The government is likely to respond to these contentions as it did in Loper Bright Enterprises. There, the government argued that petitioners failed to carry their heavy burden to overrule longstanding precedent. And the government explained that because Chevron is a tool of statutory construction, it does not surrender the judiciary’s power to the executive, nor does its application demonstrate judicial bias in violation of due process. The government also disputed petitioners’ claims about the workability of the framework and the court’s application of the doctrine to the fisheries regulation.
Cantero v. Bank of America, N.A., 22-529. At issue is whether the National Bank Act preempts the application of state escrow-interest laws to national banks. New York, like 12 other states, enacted a law requiring mortgage lenders to pay a minimal (2%) interest rate to borrowers on funds advanced by them to pay their property taxes and insurance premiums. These funds are held by the banks in mortgage escrow accounts. In the 2010 Dodd-Frank Act, Congress expressly required compliance with these laws and codified the preemption standard outlined by the Supreme Court in Barnett Bank of Mario Cnty., N.A., v.
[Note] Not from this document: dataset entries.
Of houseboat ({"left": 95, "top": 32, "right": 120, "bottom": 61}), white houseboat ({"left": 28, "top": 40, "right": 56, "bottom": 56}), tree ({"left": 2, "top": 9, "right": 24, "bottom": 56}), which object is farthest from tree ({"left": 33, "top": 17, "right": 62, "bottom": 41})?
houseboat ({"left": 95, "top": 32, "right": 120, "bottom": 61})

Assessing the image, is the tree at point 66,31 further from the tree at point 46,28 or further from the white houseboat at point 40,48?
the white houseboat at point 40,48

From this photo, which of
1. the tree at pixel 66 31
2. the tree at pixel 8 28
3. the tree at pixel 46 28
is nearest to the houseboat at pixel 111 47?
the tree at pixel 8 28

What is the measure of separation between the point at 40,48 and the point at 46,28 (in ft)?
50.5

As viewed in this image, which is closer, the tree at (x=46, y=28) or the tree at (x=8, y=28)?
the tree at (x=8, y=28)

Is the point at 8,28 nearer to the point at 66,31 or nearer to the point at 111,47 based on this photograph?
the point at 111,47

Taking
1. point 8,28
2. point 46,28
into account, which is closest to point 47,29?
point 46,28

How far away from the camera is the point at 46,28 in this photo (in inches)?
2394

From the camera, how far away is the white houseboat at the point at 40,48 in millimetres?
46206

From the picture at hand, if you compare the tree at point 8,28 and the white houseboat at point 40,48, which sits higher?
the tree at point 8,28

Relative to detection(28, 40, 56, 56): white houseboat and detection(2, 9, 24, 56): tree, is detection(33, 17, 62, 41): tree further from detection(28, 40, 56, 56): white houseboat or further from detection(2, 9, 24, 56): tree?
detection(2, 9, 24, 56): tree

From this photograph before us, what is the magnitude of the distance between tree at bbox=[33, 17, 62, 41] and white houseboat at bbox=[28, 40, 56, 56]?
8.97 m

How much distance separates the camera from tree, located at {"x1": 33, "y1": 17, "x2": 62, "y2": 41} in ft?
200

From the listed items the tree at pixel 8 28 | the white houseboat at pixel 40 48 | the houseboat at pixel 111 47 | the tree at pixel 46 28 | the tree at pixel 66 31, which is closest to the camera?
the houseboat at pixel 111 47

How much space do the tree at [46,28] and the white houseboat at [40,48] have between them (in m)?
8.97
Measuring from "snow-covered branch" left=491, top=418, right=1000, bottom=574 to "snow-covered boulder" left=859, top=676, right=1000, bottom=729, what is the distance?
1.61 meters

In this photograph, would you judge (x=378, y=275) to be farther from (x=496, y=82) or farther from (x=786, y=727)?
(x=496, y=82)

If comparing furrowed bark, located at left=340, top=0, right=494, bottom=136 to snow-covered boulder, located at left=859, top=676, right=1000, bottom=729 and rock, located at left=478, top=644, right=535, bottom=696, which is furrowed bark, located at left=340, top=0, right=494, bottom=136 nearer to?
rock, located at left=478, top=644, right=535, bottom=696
Nelson, 517 U.S. 25 (1996).
Petitioner Alex Cantero and two other New York Bank of America mortgage borrowers sued Bank of America for breach of contract after it declined to pay the interest rate on their mortgage loans despite agreeing to be bound by New York law in the mortgage contract. Bank of America filed a motion to dismiss, arguing that the National Bank Act preempted application of New York’s escrow-interest law. The district court denied the motion to dismiss, but certified the preemption question for interlocutory review. The Second Circuit reversed, holding that the National Bank Act preempted New York’s escrow-interest law when applied to national banks. 49 F.4th 121. Its inquiry did not turn on “how much a state law impacts a national bank, but whether it purports to ‘control’ the exercise of its powers.” The Second Circuit reasoned that New York’s law impermissibly exerted control over the bank’s exercise of its power to create and fund escrow accounts.
Petitioners argue that the Second Circuit’s opinion undermines the stability of the financial system because it has the potential to allow banks to reinstate a preemption regime that precipitated the 2008 financial crisis, where abusive mortgage lending could persist without state enforcement of consumer protection laws. Petitioners also argue that the Second Circuit’s opinion conflicts with Barnett Bank, which held that states have “the power to regulate national banks,” including a “bank’s exercise of its powers,” so long as “doing so does not prevent or significantly interfere with the national bank’s exercise of its powers.” New York’s law satisfies this standard, petitioners contend, because it does not bar creation of escrow accounts or limit the terms of their use.
Gonzalez v. Trevino, 22-1025. In Nieves v. Bartlett, 139 S. Ct. 1715 (2019), the Court held that having probable cause to make an arrest bars a claim against a police officer alleging that the arrest was to retaliate for speech protected under the First Amendment unless the plaintiff can show “that he was arrested when similarly situated individuals not engaged in the same sort of protected speech had not been.” In this case, the questions presented are (1) whether the Nieves exception permitting a retaliatory arrest claim despite the existence of probable cause “can be satisfied by objective evidence other than specific examples of arrests that never happened”; and (2) whether the Nieves rule requiring a lack of probable cause “is limited to individual claims against arresting officers for split-second arrests.”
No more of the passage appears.